--- Data to examine ---
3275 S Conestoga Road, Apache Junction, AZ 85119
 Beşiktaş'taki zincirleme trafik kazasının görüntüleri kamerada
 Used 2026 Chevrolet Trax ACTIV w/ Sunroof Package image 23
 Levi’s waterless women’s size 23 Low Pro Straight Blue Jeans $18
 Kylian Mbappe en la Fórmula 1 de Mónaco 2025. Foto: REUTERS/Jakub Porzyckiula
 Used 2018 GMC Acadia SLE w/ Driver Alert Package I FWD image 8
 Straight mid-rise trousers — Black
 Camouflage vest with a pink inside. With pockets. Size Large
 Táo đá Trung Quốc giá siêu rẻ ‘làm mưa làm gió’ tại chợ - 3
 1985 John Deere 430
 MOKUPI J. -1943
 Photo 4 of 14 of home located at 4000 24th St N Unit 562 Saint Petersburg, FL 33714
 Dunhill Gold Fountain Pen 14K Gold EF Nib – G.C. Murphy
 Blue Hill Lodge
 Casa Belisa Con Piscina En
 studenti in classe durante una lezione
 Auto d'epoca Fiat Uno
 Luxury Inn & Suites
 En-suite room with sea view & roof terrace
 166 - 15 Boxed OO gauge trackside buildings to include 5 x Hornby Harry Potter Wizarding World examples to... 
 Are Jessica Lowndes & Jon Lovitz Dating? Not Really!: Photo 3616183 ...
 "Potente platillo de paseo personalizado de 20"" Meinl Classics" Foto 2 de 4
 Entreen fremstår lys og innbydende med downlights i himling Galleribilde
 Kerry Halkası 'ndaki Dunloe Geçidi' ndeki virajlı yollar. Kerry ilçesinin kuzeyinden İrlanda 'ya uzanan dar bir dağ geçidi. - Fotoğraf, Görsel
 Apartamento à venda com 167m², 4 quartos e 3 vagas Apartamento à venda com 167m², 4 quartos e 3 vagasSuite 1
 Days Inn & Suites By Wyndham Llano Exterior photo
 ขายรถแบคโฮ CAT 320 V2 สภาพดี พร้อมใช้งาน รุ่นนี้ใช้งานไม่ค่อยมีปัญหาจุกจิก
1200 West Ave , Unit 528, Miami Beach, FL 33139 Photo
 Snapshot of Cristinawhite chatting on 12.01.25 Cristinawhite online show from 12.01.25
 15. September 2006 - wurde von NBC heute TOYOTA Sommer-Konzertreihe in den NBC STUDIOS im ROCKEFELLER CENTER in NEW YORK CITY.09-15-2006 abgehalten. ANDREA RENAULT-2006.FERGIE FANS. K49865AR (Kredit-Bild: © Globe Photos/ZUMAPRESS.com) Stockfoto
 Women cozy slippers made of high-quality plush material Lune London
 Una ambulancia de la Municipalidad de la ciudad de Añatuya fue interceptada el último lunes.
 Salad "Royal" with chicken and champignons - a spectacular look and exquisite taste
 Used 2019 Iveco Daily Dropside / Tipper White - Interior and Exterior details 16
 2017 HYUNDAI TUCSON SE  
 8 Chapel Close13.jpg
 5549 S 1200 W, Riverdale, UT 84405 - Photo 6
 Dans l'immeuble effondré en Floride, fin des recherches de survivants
---
Exercise objective: The lines to return are those in the entries above that hold "Exterior".

Exercise response:
 Days Inn & Suites By Wyndham Llano Exterior photo
 Used 2019 Iveco Daily Dropside / Tipper White - Interior and Exterior details 16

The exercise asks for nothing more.